Мир остается суровым, и окружающим интересно ваше мнение, если у вас есть, чем его подкрепить. Да, мнение подкрепляется не только войной, но способность вести войну остается одной из базовых способностей государств, по которым оценивается их состоятельность. В мире есть страны, которые, практически не имеют армий и строят свое зарубежное влияние на образах мира и уюта, но это лишь означает, что собственный «стальной запас», самый надежный в международных делах эквивалент обмена, они доверили кому-то другому.
В скобках заметим: «цивилизационная привлекательность» Запада представляет собой также проекцию его силовых возможностей. Гражданское общество в малых странах, назначенное таковым Западом, смело обличает тиранов, поскольку в конечном счете чувствует за собой военную мощь Соединенных Штатов.
Если историю развития политических институтов представить как процесс переупаковки, маскировки, превращения насилия, изобретения все новых производных, позволяющих скрыть насильственную природу власти, то «мягкая сила» это продукт весьма высокого передела. Но это совершенно не означает отмирания самой власти и ее силовых основ.
Наконец, операция России в Сирии и стала примером разумного соотношения «жесткой» и «мягкой» силы, войны и дипломатии. И – парадоксально – именно признание влиятельности за русскими инструментами «мягкой силы» (неважно, насколько справедливое) лежит в основе текущей волны антироссийских санкций США. Может быть, с точки зрения несилового распространения своего влияния за рубежом мы сделали уже достаточно?
IV
Русская информационная повестка обращена вовне. Мейнстримные медиа охотнее обсуждают референдум в Каталонии, чем новости из Хабаровска или Костромы. Мы сами себе неинтересны. И поэтому неинтересны другим.
Американская и восточноевропейская русофобия, дошедшая до вполне безумных степеней, в большой мере представляет продукт нашего домашнего производства или, по крайней мере, опирается на вполне узнаваемые русские интеллектуальные традиции. Либо сравнительно старые, восходящие к «маленькому аббатику», либо новейшие вроде того самого тезиса о «непривлекательности этой страны».
Россия, счастливо оправляющаяся от тяжелого исторического поражения, не первого в своей истории, на уровне господствующих нарративов продолжает пребывать в тяжком унынии.
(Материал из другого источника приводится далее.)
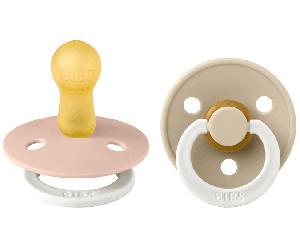 Bibs Chupetes Nocturnos Colours Vainilla/Blush 0-6m 2 uds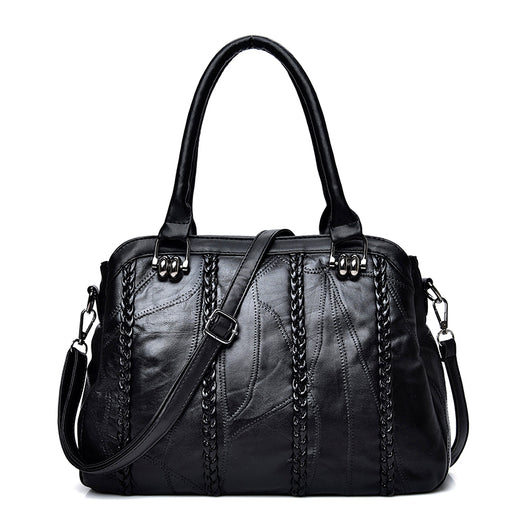 Bolso Grande de Cuero Napa con Costura Artesanal - Image 2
Она не имеет языка, чтобы описать свои успехи. Казенная пропаганда здесь бессильна, потому что остается в той же дискурсивной клетке, которая порождает современный западный способ говорить о России.
Поэтому укрепление русского идейного влияния за рубежом нужно начать с истории. У нас все еще остается одна из немногих мировых исторических школ, в последние триста лет мы были или в центре мировой истории, или рядом с ним, но именно сейчас мы оказались вне текущих идеологических битв по поводу свободы и капитализма, расы, гендера, колониального наследия и прочего. Мы можем быть здесь относительно непредвзяты. Мы давно (наверное, лет пятьдесят) не смотрели на собственное и мировое прошлое из эпохи национального успеха; пережили достаточно катастроф, чтобы этим успехом не упиваться чрезмерно (как упивались им, например, с 1815 по 1855); и не должны, как это было после 1945, на фоне успеха в обязательном порядке осудить часть русской истории. Наконец, если возвращаться к постсоветским странам, именно здесь исторические представления играют огромную роль в политике и именно здесь особенно необходимо содержательное и убедительное видение общей истории. Мы не сможем укрепить свое интеллектуальное влияние на пространстве бывшего СССР, если не предложим альтернативу местным традициям писать историю с русскими в качестве главных врагов.